For a typical Australian household with two cars driving around 15,000 km each per year at average fuel efficiency, that indexation creep adds up to an extra $150–$250 per year compared to what they'd pay if rates had stayed frozen. That's not a fortune, but it's money taken without a single elected representative being asked to justify it.

For tradies, farmers, and small business owners who rely on diesel for work vehicles or machinery, the impact is substantially larger. A small trucking operator running two diesel vehicles can expect to pay thousands more annually due to cumulative indexation - costs that are either absorbed into razor-thin margins or passed on to consumers.

Who bears the burden?

Fuel excise is widely recognised by economists as a regressive tax - meaning it takes a larger share of income from lower-income households than from wealthy ones. Consider:

  • Low-income workers in outer suburban and regional areas often have no viable public transport alternative
  • They typically drive older, less fuel-efficient vehicles
  • They spend a higher proportion of their income on transport costs
  • They have less capacity to absorb rising costs through discretionary spending adjustments

By contrast, higher-income earners in inner-city areas are more likely to have access to public transport, can more easily afford EVs or hybrids, and the cost represents a smaller share of their overall budget.

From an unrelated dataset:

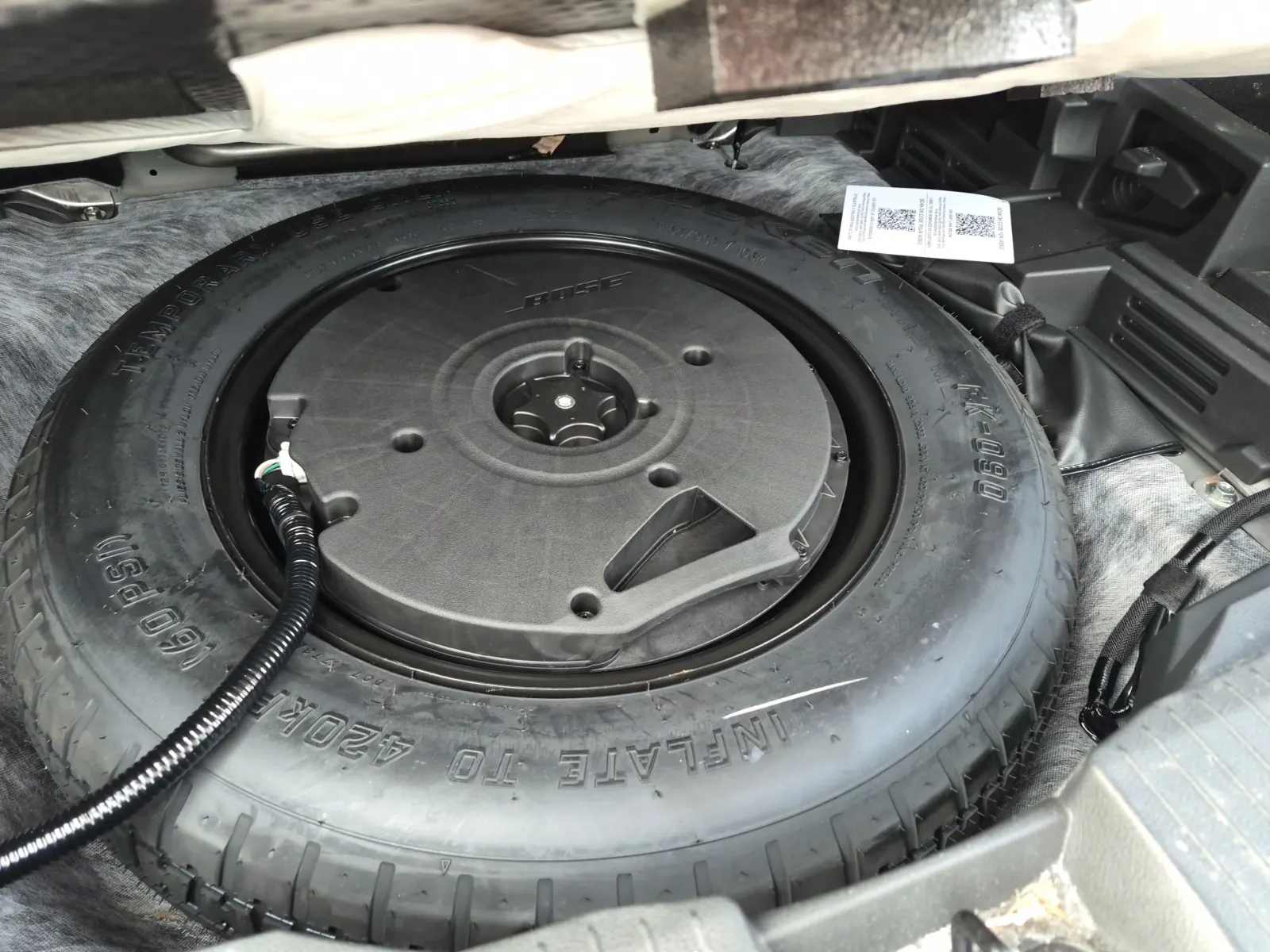 Spare Tire & Wheel Photo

Household typeEstimated annual fuel excise paidAs % of income
Low income, outer suburban$1,800–$2,4003–5%
Middle income, suburban$1,200–$1,8001.5–2.5%
High income, inner city$600–$1,2000.3–0.8%

Estimates based on ABS household expenditure data and standard excise rates.

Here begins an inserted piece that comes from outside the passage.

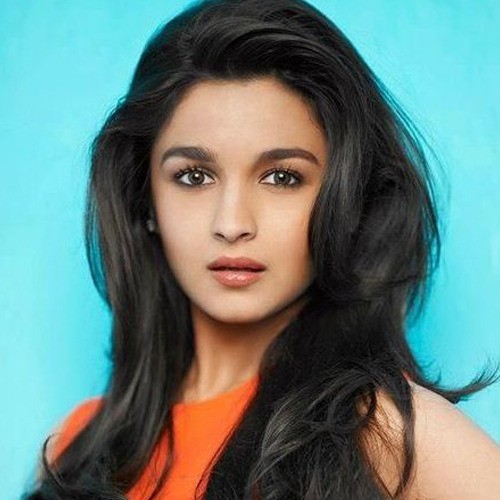 Alia Bhatt Without Makeup Pictures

Why does this policy exist - and why does it persist?

The official justification is that fuel excise helps fund road infrastructure and that indexing it to CPI maintains the 'real value' of that funding over time. Treasury and the Productivity Commission have generally supported it on efficiency grounds.

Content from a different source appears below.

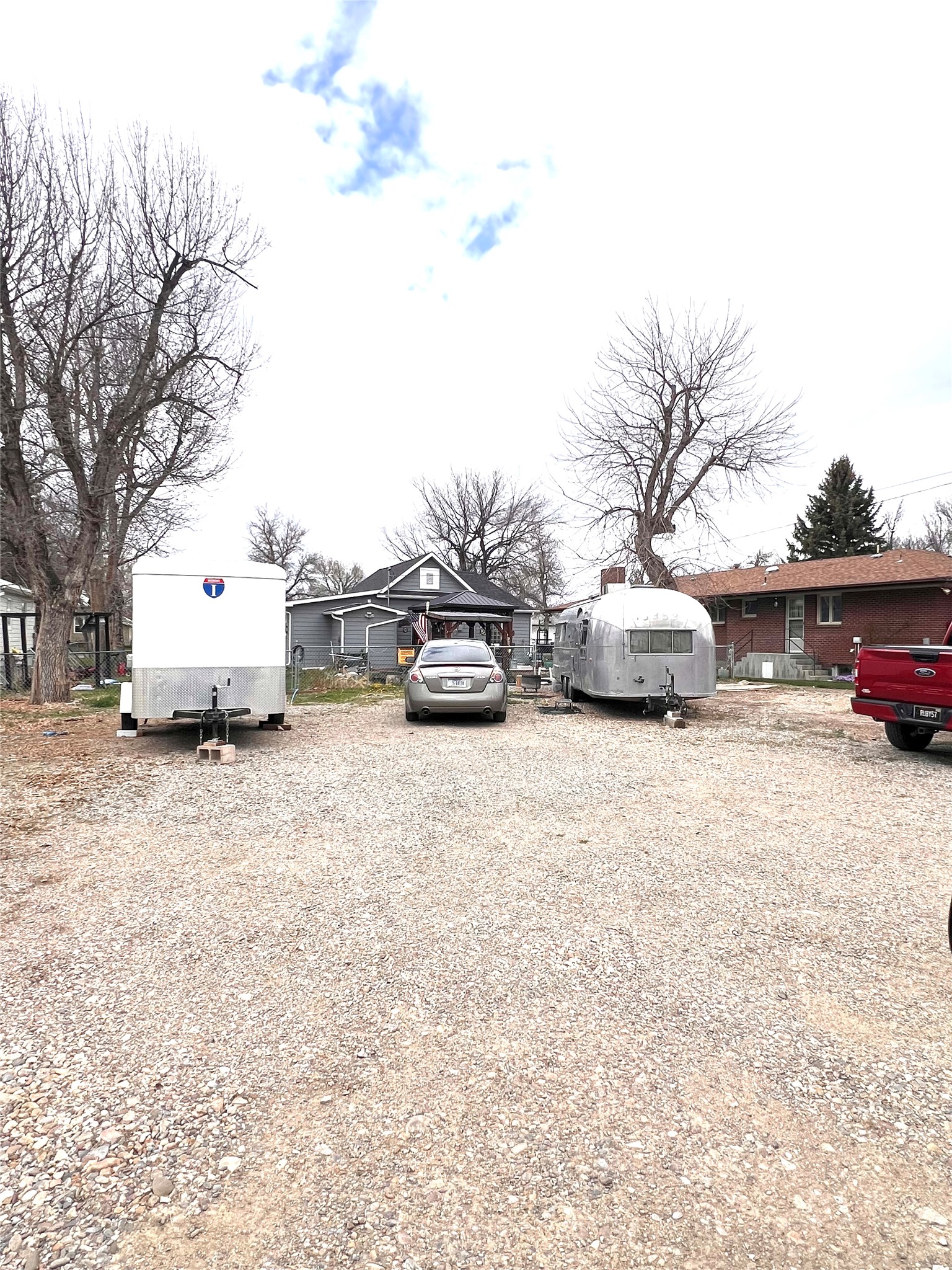 611 S Illinois Street Property Photo 24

There's some logic to this. Roads cost money to build and maintain. Fuel excise is a rough proxy for road use. Letting the real value of that revenue erode through inflation would mean either cutting road budgets or finding the money elsewhere.

But the more honest answer to why it persists is political convenience. Indexation is the perfect political mechanism: revenue increases automatically, no politician has to own the decision, and most voters don't even know it's happening. It generates billions for the federal budget - fuel excise raises roughly $12–13 billion per year - with essentially zero political cost.

Both Labor and the Coalition have had ample opportunity to remove indexation, modify it, or at least make it subject to annual parliamentary approval. Neither has. The temporary 6-month cut to excise in 2022 (22 cents per litre, introduced by Morrison and allowed to expire by Albanese) demonstrated that the mechanism can be interrupted when political pressure is sufficient - but also that both parties defaulted to reinstating it the moment attention moved elsewhere.

What would voters choose?

This is where the democratic deficit becomes impossible to ignore. No Australian has ever been asked to vote on fuel excise indexation. It wasn't a major election platform in 2014 when it was reintroduced. It hasn't been put to a referendum. It persists because of institutional inertia and because its invisibility insulates it from accountability.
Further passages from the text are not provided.